Lo Stretto ricorda le vittima del Segesta Jet: alle 17.45 saluto prolungato delle navi ormeggiate e in navigazione - Tempostretto

Lo Stretto ricorda le vittima del Segesta Jet: alle 17.45 saluto prolungato delle navi ormeggiate e in navigazione

Lo Stretto ricorda le vittima del Segesta Jet: alle 17.45 saluto prolungato delle navi ormeggiate e in navigazione

lunedì 16 Gennaio 2012 - 01:13

Celebrata una messa commemorativa e deposta una corona di fiori sul monumento realizzato alla stazione. Questa mattina incontro al Royal Palce Hotel sul tema della navigazione nello Stretto

Alle 17.45 il suono prolungato di una sirena ha rotto il silenzio delle acque dello Stretto. A seguire, una, due, tre navi, e poi tutte insieme, si sono unite al saluto. Quello rivolto alle vittime della tragedia del Segesta Jet che il 15 gennaio del 2007 “macchiò” le acque fra Sicilia e Calabria. La collisione con la motonave SuSan Brochard un’ottantina di feriti tra i 151passeggeri e quattro vittime: Sebastiano Mafodda, comandate dell’Unità navale, Marcello Sposito, diretto di macchina, Palmiro Lauro, marinaio e Domenico Zona, motorista. Tanti gli appuntamenti organizzati in occasione del V “Memoriale Segesta” dal Sasmant, il sindacato autonomo dello Stato Maggiore delle navi traghetto: alle 11 poco a largo del faro di San Raineri, nel punto esatto della collisione, latitudine di 38° 10’.9 Nord e longitudine 15° 35’.4 Est, è stata letta la “preghiera del marinaio” composta nel 1901 dal poeta Antonio Fogazzaro, che ha dato inizio alla giornata di commemorazione. L’equipaggio della motovedetta CP 2088 della Guardia Costiera, ha deposto in mare una corona di alloro accompagnata dal suono delle sirene delle Unità navali intervenute.

Ad assistere alla cerimonia dal rimorchiatore “Città di Messina”, messo a disposizione dalla Società Capieci, il Comandante della Capitaneria di porto di Messina Antonio Musolino ed i familiari delle vittime. Presente a bordo della motovedetta della Guardia di Finanza il comandante della sezione navale Salvatore Valea. Le Unità navali della Polizia Municipale, dei Vigili del Fuoco, degli Ormeggiatori del porto di Messina, dei Piloti dello Stretto e il monocarena Tindari , unità gemella del Segesta, hanno completato la formazione navale che ha reso omaggio ai marinai dell’equipaggio del Segesta.

Nel pomeriggio – alle 16.30 – nella chiesa Santa Caterina in Valverde è stata celebrata una messa in suffragio delle quattro vittime del Segesta.

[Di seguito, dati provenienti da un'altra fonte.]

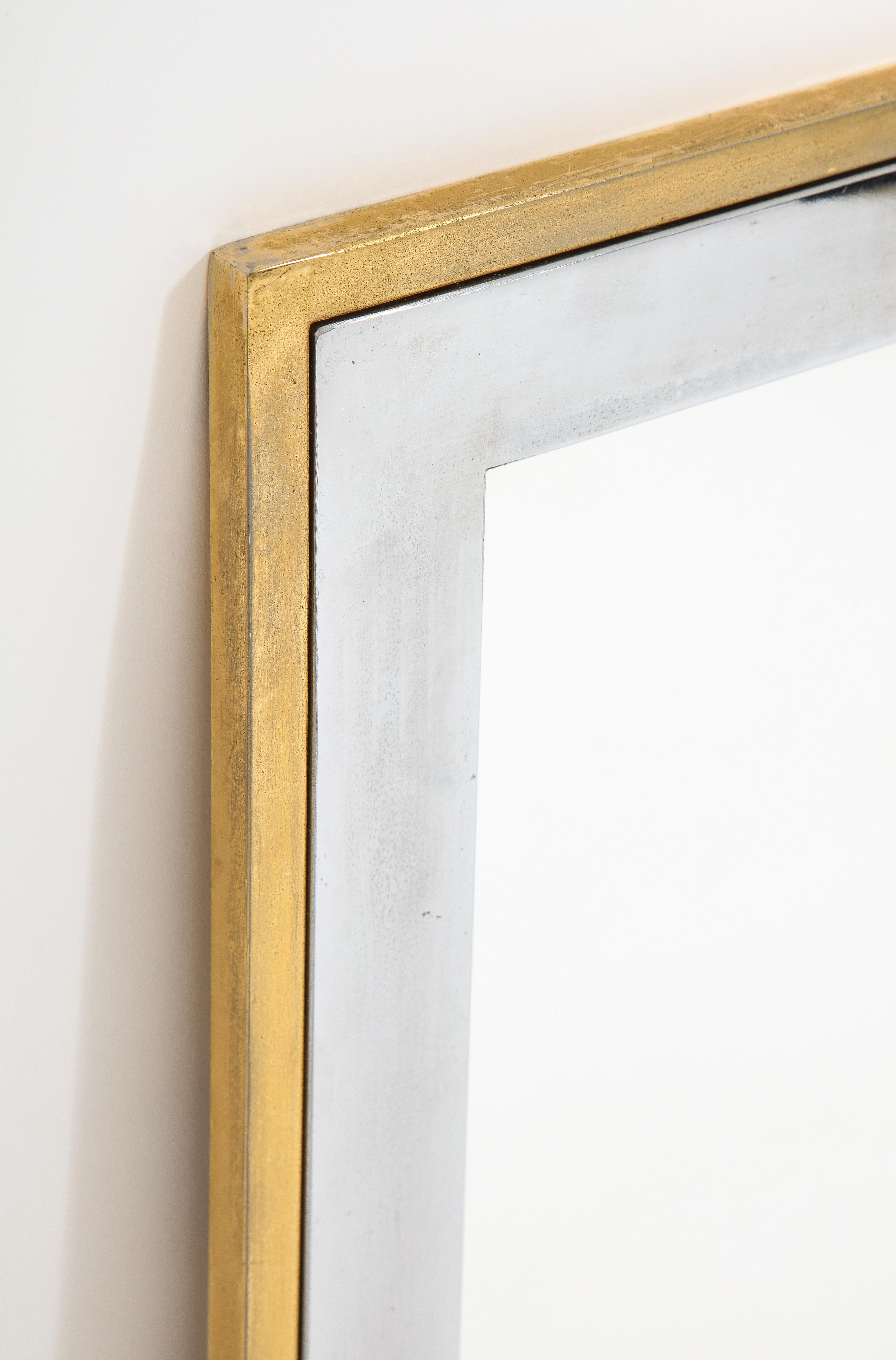 Elegant mirror in nickeled and brushed brass.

Numerosi colleghi si sono stretti ai familiari dei caduti unitamente alle Autorità presenti: il Prefetto vicario Maria Antonietta Cerniglia, l’Autorità Marittima dello Stretto Antonino Samiani, il Comandante del Porto Antonio Musolino e il Comandante Antonino Porcino in rappresentanza della Marina Militare.
Conclusa la cerimonia religiosa, i presenti si sono trasferiti nell’area antistante la stazione marittima, dove, come detto, alle 17.54, ora delle collisione, le sirene delle navi in porto hanno reso omaggio alle vittime. La cerimonia commemorativa è proseguita con l’esecuzione dell’Ave Maria di Schubert, da parte dalla Corale parrocchiale di S. Nicola – Ganzirri diretta dal maestro Mario Casablanca. La poetessa Maria Costa ha recitato la poesia “Quattru figghi du mari” composta appositamente in ricordo dei quattro caduti del Segesta, ed il silenzio fuori ordinanza eseguito dal maestro Alberto Famà ha concluso la commemorazione presso il monumento.

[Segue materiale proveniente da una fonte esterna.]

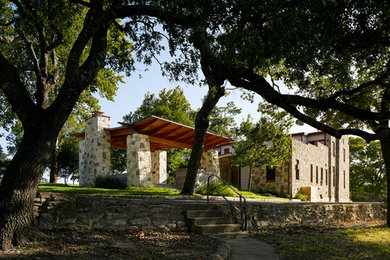 Mid-sized mountain style concrete porch idea in Austin with a roof extension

Il Memorial Segesta proseguirà questa mattina alle ore 09.30 nel salone del Royal Palace Hotel dove si terrà una tavola rotonda sul tema “Il lavoro marittimo nel nuovo millennio: quale futuro? “ e la cerimonia di consegna delle borse di studio, intitolate ,alla memoria dei marinai del Segesta, che saranno assegnate ai migliori studenti dell’Istituto tecnico Nautico “Caio Duilio” di Messina. Un tema reso purtroppo ancor più attuale dalla tragedia della “Costa Concordia”.

(FOTO STURIALE)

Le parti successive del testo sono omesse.